Promote resilience

Promote resilience

It is important to identify and build on areas of strength or resilience in order to promote 'push factors' towards school.

It can be useful to support children and young people by:

  • Considering their ambition, aspirations and motivations and providing safe opportunities which enable them to develop these;
  • Ensuring that the child or young person has access to positive experiences where they are able to feel a sense of achievement;
  • Providing activities and opportunities which focus on developing confidence and self-esteem;
  • Using approaches that promote feelings of safety, security and a sense of belonging;
  • Providing opportunities to develop positive relationships with adults and their peers;
  • Ensuring that they feel listened to and understood by all adults;
  • Promoting their emotional literacy, for example, their understanding of emotions and the relationship between thoughts, feelings, physiological sensations and behaviour.        

"Allow yourself to accept that you have a problem.

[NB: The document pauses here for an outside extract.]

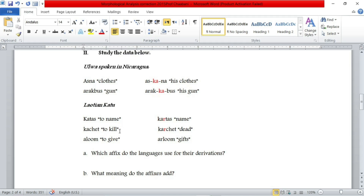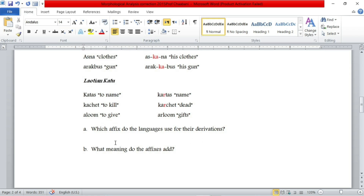That is as far as the first language is concerned. For the second language, which is called Lautingcatu, in order to convert verbs to nouns, we do the following. So 'katas', which means 'to name', is a verb. Converted to a noun, we added the morpheme R in the middle of the root. 'Kashet' means 'to kill' — in order to convert to a noun 'dead', we did the same thing: we added this affix or morpheme in the middle of the word. The same goes for 'awomb' meaning 'to give' — we added this R after the first consonant of the word, which gave us 'gifts'.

Because even if you have a fantastic support network around you, the big issue comes when you don't want to accept that you have a problem. An awful lot of young people do that and I think it's so heartbreaking because it's so self destructive, it causes more of a problem. Once you admit that there is something that isn't right, then you can get the help that you need, and you will get the support you need eventually" (young person).

"[The importance of] emphasising the possibility of change for that person... to be able to have something different in the future” (multiagency professional).

"Let's concentrate on the things that you love" (parent).